In deep inferior epigastric perforator (DIEP) flap reconstruction, opioid-free anaesthesia (OFA) with goal-directed fluid therapy and opioid anaesthesia (OA) with liberal fluid therapy do not differ in terms of major complications, a recent study has found. However, OFA seems to be better for minor complications, pain, and nausea,
The retrospective study included 204 eligible patients, of whom 55 received OFA and 149 were given OA. The primary study outcome was the occurrence of complications, as defined by the Clavien-Dindo (CD) classification, as well as the length of hospital stay. Secondary outcomes included postoperative nausea and vomiting (PONV), pain, opioid consumption, skin flap temperature, along with flap failure.
Minor classifications, graded I and II on Clavien-Dindo, occurred significantly more commonly in the OA group (51.4 percent vs 17.9 percent; p<0.001). In particular, where nine episodes of grade 2 complications were detected in OA patients, none were recorded in OFA. The frequency of major complications (grades III–V) was comparable between groups.

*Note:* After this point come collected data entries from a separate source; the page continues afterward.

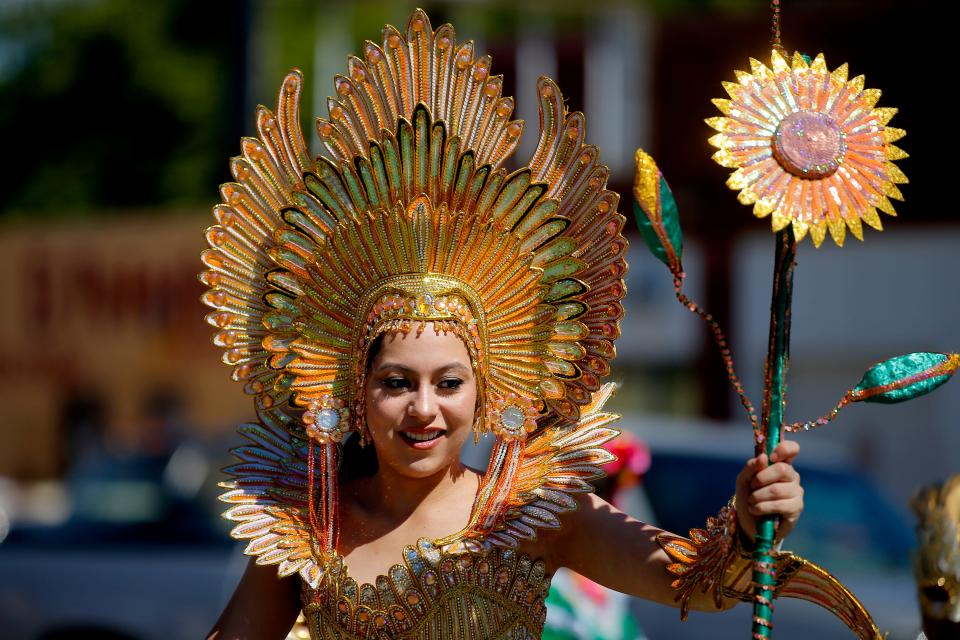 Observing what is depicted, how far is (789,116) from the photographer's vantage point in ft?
7.78

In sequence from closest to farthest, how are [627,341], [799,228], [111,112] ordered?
[799,228]
[627,341]
[111,112]

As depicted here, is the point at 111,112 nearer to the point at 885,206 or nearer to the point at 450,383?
the point at 450,383

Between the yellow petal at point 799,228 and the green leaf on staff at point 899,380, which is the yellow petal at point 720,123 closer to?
the yellow petal at point 799,228

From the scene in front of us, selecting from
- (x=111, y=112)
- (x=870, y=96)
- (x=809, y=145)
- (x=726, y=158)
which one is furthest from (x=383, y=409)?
(x=111, y=112)

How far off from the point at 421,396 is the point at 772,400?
29.1 inches

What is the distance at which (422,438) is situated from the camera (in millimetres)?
2781

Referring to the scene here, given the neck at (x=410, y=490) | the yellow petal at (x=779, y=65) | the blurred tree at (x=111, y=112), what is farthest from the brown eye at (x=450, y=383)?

OFA patients also required a significantly lower volume of intraoperative fluids. Postoperative nausea was likewise less frequent among patients given OFA (12.7 percent vs 43.6 percent; p<0.001), as was the need for prophylactic and therapeutic antiemetic drugs (p<0.001 for both).
In addition, 60 percent of OFA patients did not use opioids postoperatively, a significantly greater proportion than that in the OA group (12.7 percent; p<0.001).
Regression analyses further confirmed that OFA patients saw a significantly lower incidence of PONV, had shorter length of hospital stay, had lower CD ranking, and had lower postoperative visual analogue scale pain rating than OA counterparts.